== TASK DETAILS ==
Beginning with the line that has "Hi, Robin Vermont", write out each line down to the end of the records below exactly, and include no pictures.
-------- MATERIALS PROVIDED
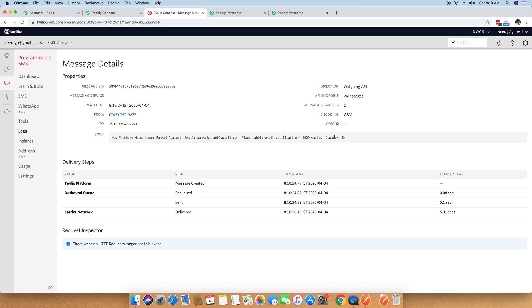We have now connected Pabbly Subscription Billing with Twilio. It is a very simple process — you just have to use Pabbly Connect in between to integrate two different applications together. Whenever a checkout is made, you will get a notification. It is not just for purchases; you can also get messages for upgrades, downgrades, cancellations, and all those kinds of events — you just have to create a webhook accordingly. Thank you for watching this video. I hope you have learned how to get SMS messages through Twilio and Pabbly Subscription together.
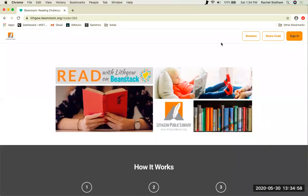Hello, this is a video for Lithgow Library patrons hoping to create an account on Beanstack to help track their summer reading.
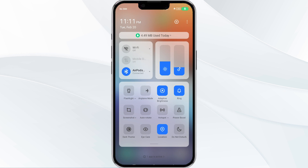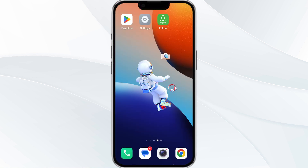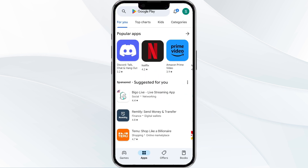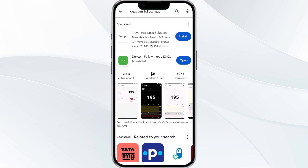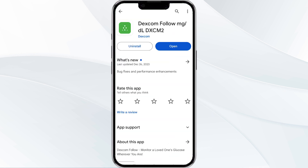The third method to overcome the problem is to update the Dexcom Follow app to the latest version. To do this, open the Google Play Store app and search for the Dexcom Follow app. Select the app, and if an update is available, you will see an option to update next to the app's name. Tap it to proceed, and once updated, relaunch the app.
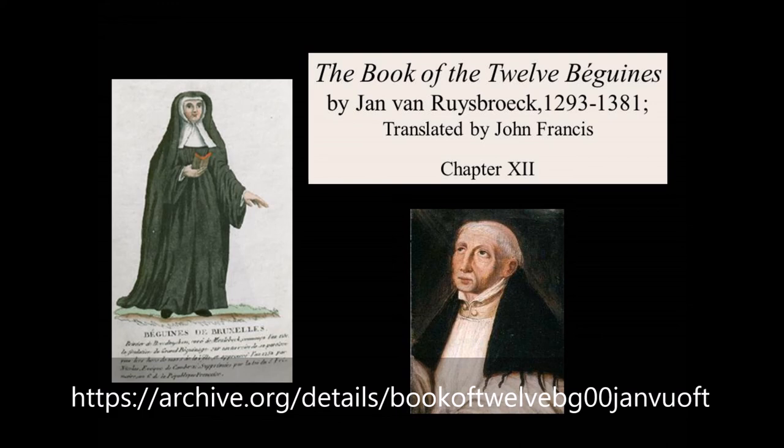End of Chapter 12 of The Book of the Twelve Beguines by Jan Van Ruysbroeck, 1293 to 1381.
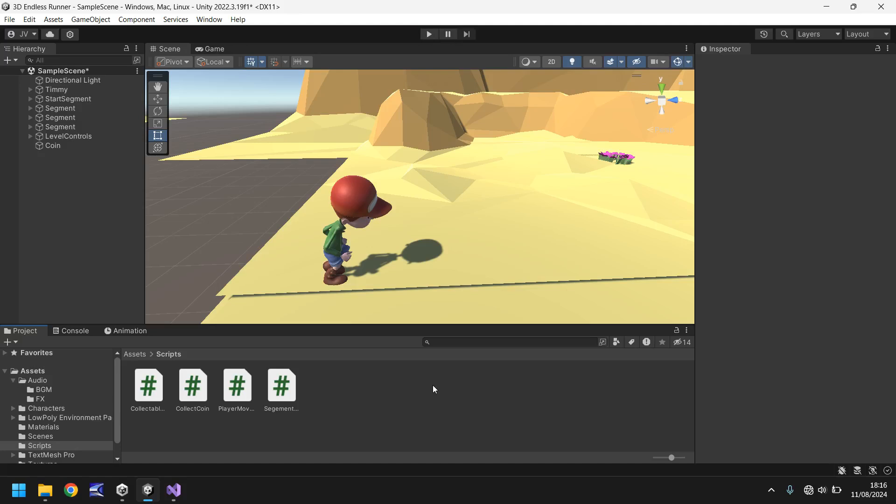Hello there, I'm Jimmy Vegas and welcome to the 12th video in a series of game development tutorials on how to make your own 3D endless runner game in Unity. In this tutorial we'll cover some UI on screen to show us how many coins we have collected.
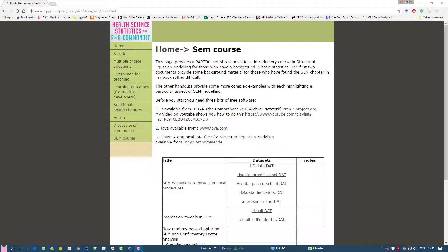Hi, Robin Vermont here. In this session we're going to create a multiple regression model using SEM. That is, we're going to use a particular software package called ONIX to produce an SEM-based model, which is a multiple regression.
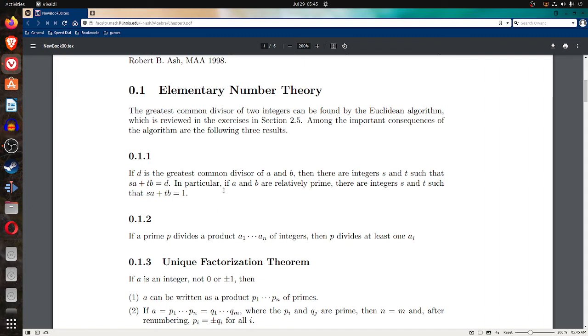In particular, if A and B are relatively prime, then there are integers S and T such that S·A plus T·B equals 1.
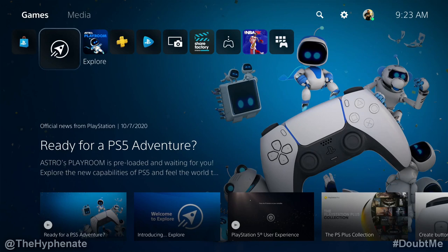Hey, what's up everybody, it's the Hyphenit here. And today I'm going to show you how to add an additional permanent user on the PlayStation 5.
----------------
== REPLY TO THE TASK ==
Hi, Robin Vermont here. In this session we're going to create a multiple regression model using SEM. That is, we're going to use a particular software package called ONIX to produce an SEM-based model, which is a multiple regression.
In particular, if A and B are relatively prime, then there are integers S and T such that S·A plus T·B equals 1.
Hey, what's up everybody, it's the Hyphenit here. And today I'm going to show you how to add an additional permanent user on the PlayStation 5.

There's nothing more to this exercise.